草むらには必ずあるイノコズチのことです。9~11月に根を採取し洗った後、湯通しして日干しにします。利尿作用や鎮痛作用があります。土臭い独特な味がします。当店では煎じ薬として配合して使用しています。単味での使用経験はありません。
ツチアケビのことです。これは珍しい植物です。葉っぱはありません。地中の菌との共生により栄養をもらって育ちます。別名は神の錫杖もしくは山珊瑚または山唐辛子。文献では主に強壮・強精・利尿作用で使用するとのことですが、近年では使用された報告はありません。人工栽培品もありません。

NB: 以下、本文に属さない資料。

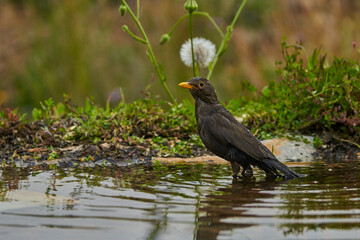 mirlo común o, más comúnmente, mirlo (Turdus merula) en el estanque del parque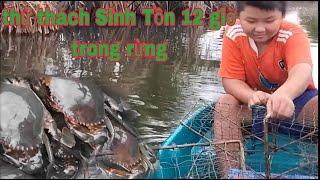 Tony |Thử thách con cua biển Mèo Team TV sinh tồn 12 giờ trong rừng ZR7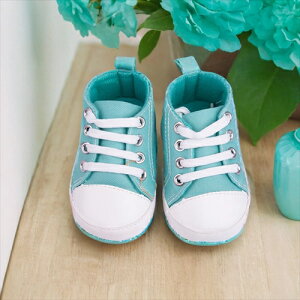 ySENzlarx0005 55cmAl`pC@ AԂ l` av[g  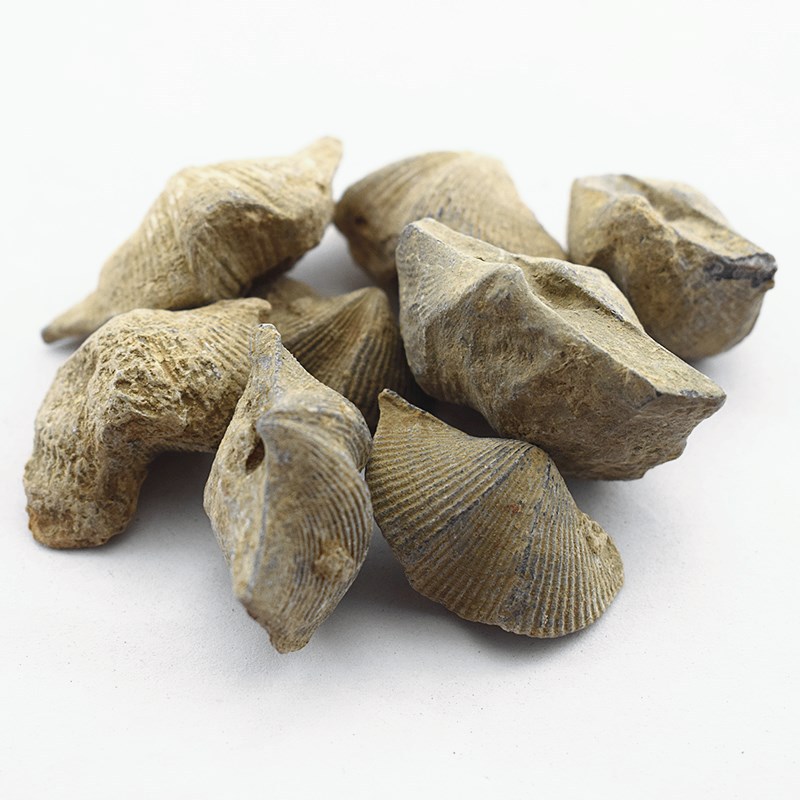 Shi Yan Stone Swallow Mineral Shi Yan Dried Mineral Piece Traditional TCM Use 500g - Image 3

ヨーロッパ原産のハーブでそこいらでみられます。日本では同種のトウダイグサを下剤・利水剤として使用していました。茎葉を沢漆(タクシツ)、根茎を和大戟(ワタイゲキ)と言い使い分けがあるとのことですが、毒性が強く現代では薬用として使用されることはありません。
春が近づくと山野のいたるところで見ることが出来る小さな花です。全草を薬として使用することが出来ます。現代でも胃薬・下痢止めとしてよく利用されています。苦味と香りで胃腸を働かせます。下痢止めには茎葉を濃く煎じて服用します。皮膚かぶれには煎液を冷やし湿布します。
別名は鬼の矢柄(オニノヤガラ)。腐生ランの一種で葉緑素を持たずナラタケなどの菌糸との共生で栄養を得ている珍しい生薬です。しかし奥出雲ではよく見つけることが出来ます。奥出雲の湿気と日照量の具合が良いようです。6月に芽が出るか出ないかの時期に根茎を掘り出し輪切りにして日干しにします。時期が過ぎてから掘り出しても素が入っていてよくありません。
観賞用のジキタリスが逃げ出したものだと思います。山の斜面にたくさん生えているところを発見しました。一昔前までは乾燥した葉を粉末にして心臓の薬(強心配糖体)として心不全に使用されていました。逸話としてゴッホが「ひまわり」などで鮮やかな黄色を表現したのは、ジギタリスの服用による副作用の黄視症だったのではないかという説があります。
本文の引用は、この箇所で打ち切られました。